*Data under study*

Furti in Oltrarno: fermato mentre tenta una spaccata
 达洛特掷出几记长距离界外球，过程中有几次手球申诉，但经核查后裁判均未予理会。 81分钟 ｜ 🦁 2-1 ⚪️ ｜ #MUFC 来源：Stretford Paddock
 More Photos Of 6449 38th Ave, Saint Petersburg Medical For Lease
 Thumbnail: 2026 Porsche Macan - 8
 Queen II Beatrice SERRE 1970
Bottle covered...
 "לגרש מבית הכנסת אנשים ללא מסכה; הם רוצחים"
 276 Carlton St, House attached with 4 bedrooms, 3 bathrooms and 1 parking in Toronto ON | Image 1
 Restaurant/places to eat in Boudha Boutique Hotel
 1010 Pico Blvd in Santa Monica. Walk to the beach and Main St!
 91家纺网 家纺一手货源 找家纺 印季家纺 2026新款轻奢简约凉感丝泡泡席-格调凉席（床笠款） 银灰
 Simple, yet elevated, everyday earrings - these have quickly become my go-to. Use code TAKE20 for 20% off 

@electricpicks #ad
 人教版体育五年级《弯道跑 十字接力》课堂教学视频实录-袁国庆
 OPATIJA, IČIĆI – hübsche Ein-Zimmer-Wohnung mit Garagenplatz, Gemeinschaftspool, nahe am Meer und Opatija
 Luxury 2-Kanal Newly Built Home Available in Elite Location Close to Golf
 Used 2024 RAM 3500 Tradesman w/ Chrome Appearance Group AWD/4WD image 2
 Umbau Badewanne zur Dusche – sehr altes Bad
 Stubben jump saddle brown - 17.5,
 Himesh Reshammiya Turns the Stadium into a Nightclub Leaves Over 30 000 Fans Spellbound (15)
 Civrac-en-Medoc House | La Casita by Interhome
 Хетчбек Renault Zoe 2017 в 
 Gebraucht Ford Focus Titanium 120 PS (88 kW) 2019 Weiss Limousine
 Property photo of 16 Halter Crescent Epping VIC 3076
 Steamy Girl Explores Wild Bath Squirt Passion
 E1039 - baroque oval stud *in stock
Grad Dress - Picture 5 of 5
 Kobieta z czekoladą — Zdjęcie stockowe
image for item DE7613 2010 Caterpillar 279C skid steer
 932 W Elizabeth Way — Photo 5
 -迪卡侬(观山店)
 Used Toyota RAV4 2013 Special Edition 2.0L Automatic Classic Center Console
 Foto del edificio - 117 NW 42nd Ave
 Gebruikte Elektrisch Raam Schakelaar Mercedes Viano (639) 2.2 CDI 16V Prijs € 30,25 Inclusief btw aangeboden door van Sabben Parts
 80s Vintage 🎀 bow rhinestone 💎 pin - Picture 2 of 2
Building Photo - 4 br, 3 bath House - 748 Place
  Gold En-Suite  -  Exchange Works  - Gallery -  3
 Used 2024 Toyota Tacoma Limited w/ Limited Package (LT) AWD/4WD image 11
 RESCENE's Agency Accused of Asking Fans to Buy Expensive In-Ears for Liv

*Task to complete*
Please count the lines above containing "Fans"; number only.

*Result of this exercise*
2